ENTRETIEN AVEC MOHAMED EL KHATIB

Publié le 26/04/2021

À l’origine du projet, une courte vidéo d’une dizaine de minutes. Sur l’écran, les élèves de l’École du TNB. Le film les trouve dans leur cuisine, leur salon, leur couloir, leur terrasse ou leur chambre à coucher. Face caméra. C’est un zoom collectif. Sujet de la conversation collective ? La sexualité de leurs parents. Un matériau que l’auteur et metteur en scène Mohamed El Khatib développe pour porter à la scène un spectacle avec ces jeunes élèves. Et dont le titre provisoire pourrait être : Spectacle de fin d’année. Ou pas.

Comment avez-vous imaginé ce projet ?

 

J’avais demandé aux élèves de se présenter sous forme d’une courte autobiographie à la manière de l’Autoportrait de l’écrivain plasticien Édouard Levé. C’est-à-dire à coup de phrases très courtes, du type « j’ai toujours eu peur du noir », mais en jouant la carte de la sincérité absolue.

Sommes-nous capables d’imaginer la vie intime de nos parents ?

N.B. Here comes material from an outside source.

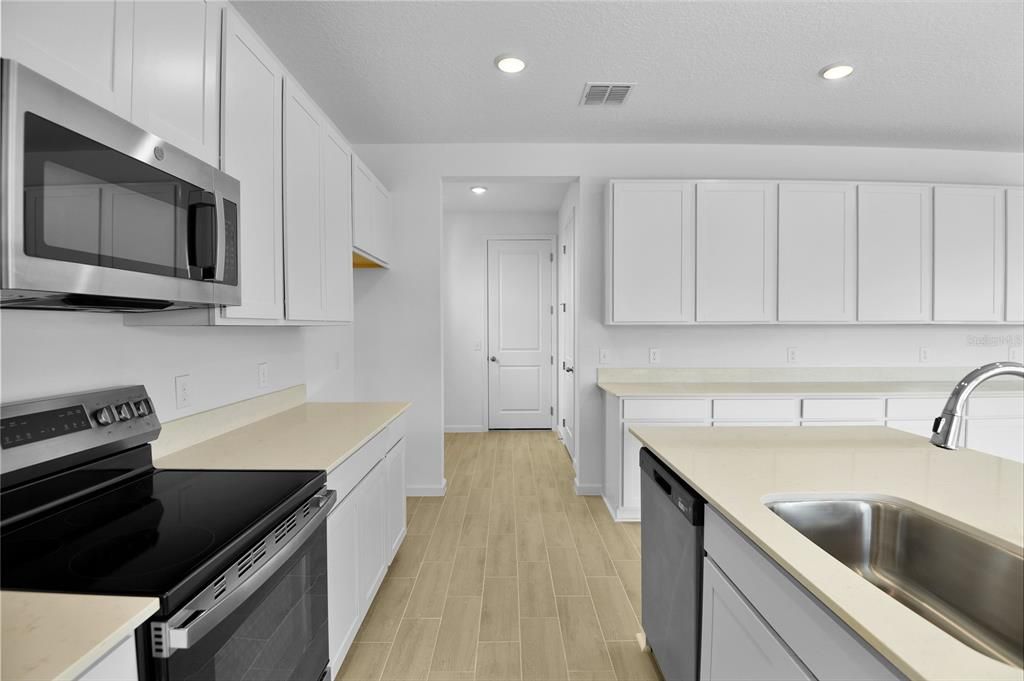 Interior, Kitchen, Recessed Lighting, Wood Texture Flooring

Une des actrices a évoqué la sexualité de ses parents. Flottement total dans l’assistance ! J’observais les réactions interloquées et j’ai compris qu’il y avait là un nœud. Sommes-nous capables d’imaginer la vie intime de nos parents ? Difficile transmission que celle-ci. Cet angle mort m’a bien évidemment alerté. Nous n’imaginons pas nos parents comme des êtres sexués. Cette pensée suscite chez les (grands) enfants que nous sommes un véritable blocage. Nous en avons donc débattu avec les élèves. De fil en aiguille, nous en sommes arrivé·es au point de vue que nous portons sur nos parents, de quoi héritons-nous avec amour et tendresse et que rejetons-nous. Cette pièce (j’en cherche encore le titre) pourrait s’intituler : Les Parents, ou encore L’Héritage, Les Héritiers ou bien L’Heure des parents.

 

Le titre adopté pour l’instant (il reste en suspens), Spectacle de fin d’année, renvoie à cet exercice, obligatoire, des fêtes de fin de scolarité. Lorsque les parents viennent à l’école assister à la représentation où se produit leur progéniture. Ce moment qui précède les vacances et qui est l’ultime rendez-vous avant de couper le cordon.

 

C’est sur cette lancée que toutes et tous se sont aventuré·es pour tenter de retrouver leurs parents à l’âge qui est le leur, soit entre 20 et 27 ans. Ils·elles les ont interrogé·es, ont récolté des versions différentes selon que les récits venaient du père ou de la mère, ont cherché à savoir comment ils·elles s’étaient rencontré·es. Puis ont écrit sur leur vie et la relation qu’ils et elles ont avec leur parentèle. Voici le matériau du spectacle.

 

Comment travaillez-vous ce matériau vous qui, souvent, faites figure de témoin, complice et narrateur sur le plateau ?

 

Je ne serai pas sur la scène. Mais, comme à mon habitude, je pars de ce travail d’enquête nourri de témoignages et d’interviews de première main sur les parents. Je vais agencer et mettre en forme les matériaux, leur donner une unité dans l’écriture. Il n’y a, à priori, pas de fiction qui interfère. À cette réserve près que je n’ai aucune garantie quant à la véracité des textes que me livrent les élèves. Je prends ce qu’ils me disent pour argent comptant. Pour l’instant, tout me paraît crédible. Il se peut néanmoins que certain·es, trop gêné·es d’entrer dans l’intime, fabulent. Mais nous le saurons en temps voulu. Car à la fin de la représentation, j’ai décidé de faire un « fast checking ». Autrement dit une séquence, la dernière, au cours de laquelle les parents viendront sur scène pour confronter les mots de leurs enfants à la réalité. Prendre la parole pour dire si ce qui vient de se dire était vrai ou faux. 

 

Le spectacle ne parlera-t-il que de la sexualité parentale ?

 

Non. Au-delà des récits, j’ai l’envie de travailler sur les générations. Comment s’affranchir d’un héritage qui nous est transmis pour le meilleur et le pire. Comment vivre avec lui. Comment le théâtre permet-il un regard sans concession sur cet héritage. La liberté théâtrale autorise et protège l’expression. Même s’il y a des réticences des élèves qui peuvent se montrer cru·es pendant la préparation, avant de faire volte-face lorsqu’ils réalisent qu’ils se produiront devant leurs parents.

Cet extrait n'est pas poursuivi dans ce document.